Note that there is no synchronization of information on clients between the server and caches. A client that primarily uses one of the machines will only be available for other clients using the same machine. If the server/caches are sufficiently distributed this will in practice be beneficial because it results in close clients clustering around the same server/cache.

Scenario 5: resource contributions by clients and ISP caching (p2p mode)

An obvious extension to scenario 4 is to include caches maintained by other entities than the content providers that maintain the servers. Streamed video can consume a lot of bandwidth, and for a large sites/ISPs with many users there might be wasted bandwidth due to duplicate downloads. In the same way as web caches such as squid have been used to reduce duplicate transfers of files from web servers, caches can be used to reduce SPP traffic. This type of caching also creates client clustering; rather communicating directly with the content servers, users at a site with a cache only communicate with the cache or other users at the same site, resulting in increased traffic locality.

To add a cache, it is only necessary to redirect requests to it, either through configuration of the user p2pd process, or by bouncing requests to the cache (with software for this purpose). This example assumes that it is configured at the clients, and that the IP address of the cache is 192.168.0.1.

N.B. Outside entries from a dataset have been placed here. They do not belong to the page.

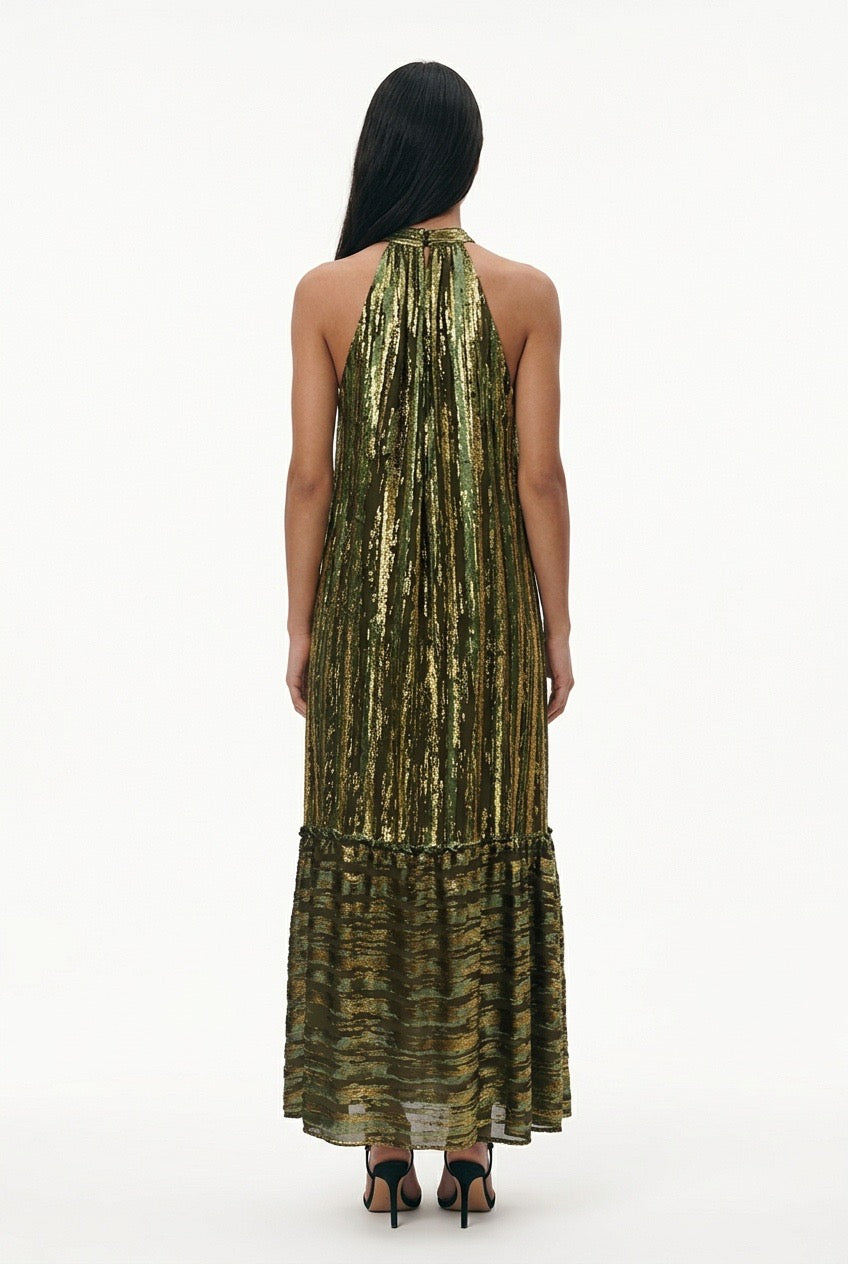 SANA DRESS | mousseline velvet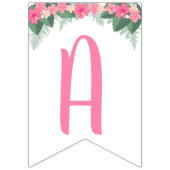 Roze Safari Dier Verjaardag Vlaggetjes (Derde vlag)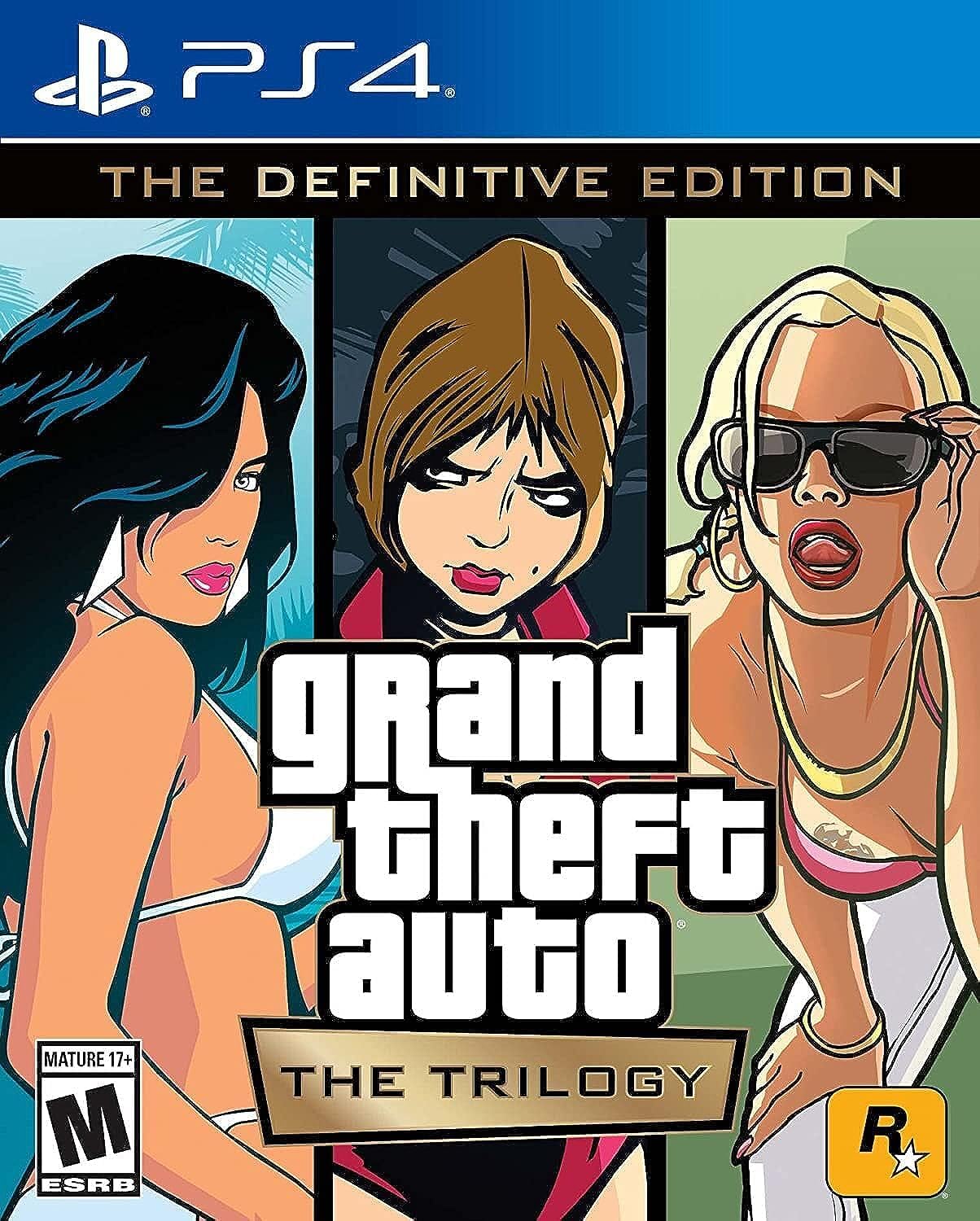 Grand Theft Auto: The Trilogy - The Definitive Edition for PlayStation 4 | Open-World Action Adventure Game | Perfect for GTA Fans & Action Game Lovers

The server can use any of the configurations above, as long as it accepts SPP requests.

The cache can be started in this way:

p2pd -i -c /cachefiles -n 192.168.0.1/24

The clients at the site with the cache start p2pd with these options:

p2pd -c $HOME/.p2pd_cache' -S 192.168.0.1

The cache can run both with and without p2p-mode enabled (even independently of what the server is using). In the example above, p2p-mode is enabled at the cache (with the -i option). Clients at the 192.168.0.1/24 network will either retrieve content from the cache, or from other clients at the same network. The -n option specifies the addresses of the machines it considers to belong to its own internal network. The cache will retrieve non-cached content only for internal clients.

The aim of the configurations in scenarios 4 and 5 is to offer more low-cost alternatives to expensive provider owned CDN infrastructures, in order to reduce the barriers to entry for setting up VoD streaming sites. It has yet to be proven that these scenarios are realistic in practice, but with the functionality available in p2pd it should now be able to test them.